Most obvious this issue became if we're using some of the L2ARC-SSDs free capacity for the SLOG and L2ARC partition on the same SSD devices once became fully occupied: if afterward for some reason utilization of L2ARC device decreases, write performance of the sync writes to SLOG is not restored to the level it was before the partition dedicated for the L2ARC became fully utilized.

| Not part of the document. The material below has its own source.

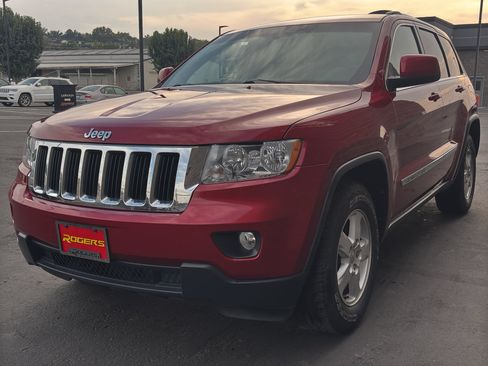 Used 2011 Jeep Grand Cherokee Laredo AWD/4WD image 3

I did notice this in one of my ZFS boxes with two 120GB SSDs, which space (~70%) used for the L2ARC and 1GB of each used for the mirror SLOG device but I'm able to reproduce it in almost all of my ZFS setups where I'm using same SSDs for the L2ARC and SLOG mirror with the following steps:

Running openssl enc -aes-128-ecb -pass pass:"$(dd if=/dev/urandom bs=128 count=1 2>/dev/null | base64)" -nosalt < /dev/zero | dd iflag=fullblock of=/dev/sdb bs=2M oflag=direct where /dev/sdb is one of my SLOG backed ZVOLs to put some highly-random sync write workload on it.
I'm using openssl instead of reading from the /dev/urandom to make sure that random will outperform the write speed of the SLOG.
Running iostat to monitor write latencies for some time
Starting some IO-intensive read workload on ZFS/ZVOL devices backed with L2ARC on the same SSDs used for SLOG at step 1
Watching utilization of L2ARC grows and write latencies of dd from step 1 also increases
Waiting until the utilization of L2ARC became nearly 100% and noticing the write latencies which will be much worse than at step 2
From this moment it doesn't matter whatever I'm going to do or not as the write latencies can only be restored if I'll destroy my L2ARC and then use blkdiscard on the SSD partitions dedicated for the L2ARC

So it would be best to have write latencies of SLOG restored automatically whenever utilization of L2ARC goes down (BTW this isn't such rare case in my workloads) without destroying L2ARC and discarding all of the data.
In the light of #9582 this issue becomes more crucial as previously with any reboot we're going to lose L2ARC anyway so I do have a 'destroy L2ARC, discard partition data, create new L2ARC'-procedure executed each reboot but after persistent L2ARC will go to the live, it won't be any longer acceptable for me to trade write performance for the read using this procedure.

Vlad1mir-D on 19 Dec 2019

👍4

Depends on the workload, most SSD's are still orders of magnitude faster then a platter drive though.

h1z1 on 19 Dec 2019

why are you sharing a device with L2ARC and SLOG? that runs contradictory to the purpose of a SLOG device, low latency I/O.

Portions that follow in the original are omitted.